From 2014 to 2018 there was a campain using automatic cameras (camera traps) in the Wellington Region.  The large number of captured images, 270,450 by 2018, required some pre processing before being identified with the help of Citizen Scientists.

The images have a bottom bar which contrains date and time, which we will be removing.  We also might want to remove the manufacturer logo incase the images are used to machine learning later on.

![Example image](docs/images/wellington_thumb_800.jpg "Examppel Image")

We will be utilizing images from camera traps to experiment with manipulating images on a small scale - then eventually scale to potentially hundreds of thousands of images. Here are the data and instructions for accessing it: https://lila.science/datasets/wellingtoncameratraps

### Example Images

We will start working with the example images in `example_images`.  Once we have some tidy working code, we will cover how you'd download a large subset of the images and work on that.

### Let's write some python! - Listing files with *pathlib*

There are many ways to generate a list of files in Python. We're going to use `pathlib` and `glob`. Note that `pathlib` was only introduced in Python 3.4, but most Python versions in use today should be newer than that.

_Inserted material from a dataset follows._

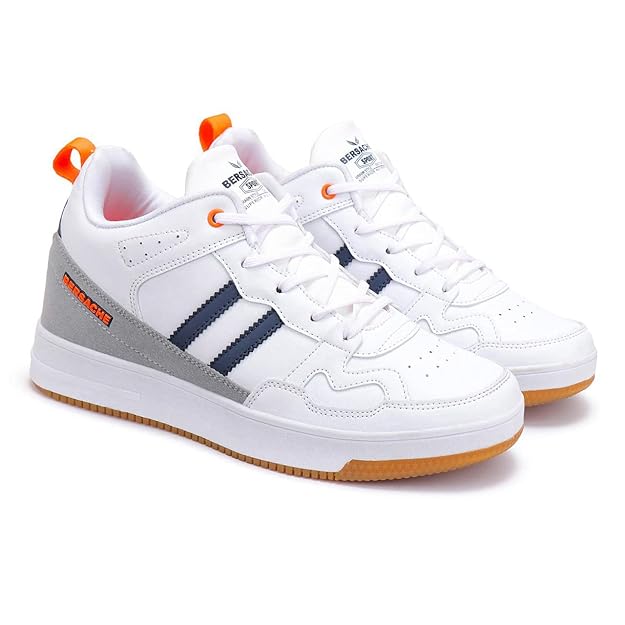 BERSACHE Premium Sports,Gym, Trending, Stylish Running Shoes for Men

We'll build up our Python program iteratively.


In [1]:
from pathlib import Path

# See what the path to our example_images is represented as
our_path = Path.cwd().joinpath('example_images')
our_path

PosixPath('/Users/geldenan/notbacked/python-image-manipulation-session/example_images')

In [2]:
# let's try to get all the files
imfiles = our_path.glob("*")
imfiles

<generator object Path.glob at 0x1040bc6a0>

> A generator in Python is a type of iterable that lazily produces items one at a time and only as needed, which can be more memory efficient than generating all items at once. They are useful when you're working with large datasets or streams of data where you don't want to hold all items in memory simultaneously.


In [3]:
# It's just a generator object, let's iterate through it
for f in imfiles:
    print(f)

/Users/geldenan/notbacked/python-image-manipulation-session/example_images/010116045550034b9963.JPG
/Users/geldenan/notbacked/python-image-manipulation-session/example_images/010116042724043b5173.JPG
/Users/geldenan/notbacked/python-image-manipulation-session/example_images/010116060244029a3302.JPG


In [4]:
# What if we had non-image files? Let's make it specific to the JPG files we downloaded
imfiles = our_path.glob("*.JPG")
imfiles = our_path.rglob("*.JPG")  # if we had subdirectories (recursive glob)

### Editing an image

Let's get a single image and crop the bottom of it.

In [5]:
from pathlib import Path

test_path='example_images'

our_path = Path.cwd().joinpath('example_images')

# Generate Path objects
imfiles = our_path.glob("*.JPG")

imfile=next(imfiles) # google python generator to find out about next
imfile

PosixPath('/Users/geldenan/notbacked/python-image-manipulation-session/example_images/010116045550034b9963.JPG')

In [6]:
from PIL import Image #we'll need pillow to load the image

im = Image.open(imfile)

In [7]:
#explore the im object
im.height
im.size

(3264, 2448)

In [None]:
im.show()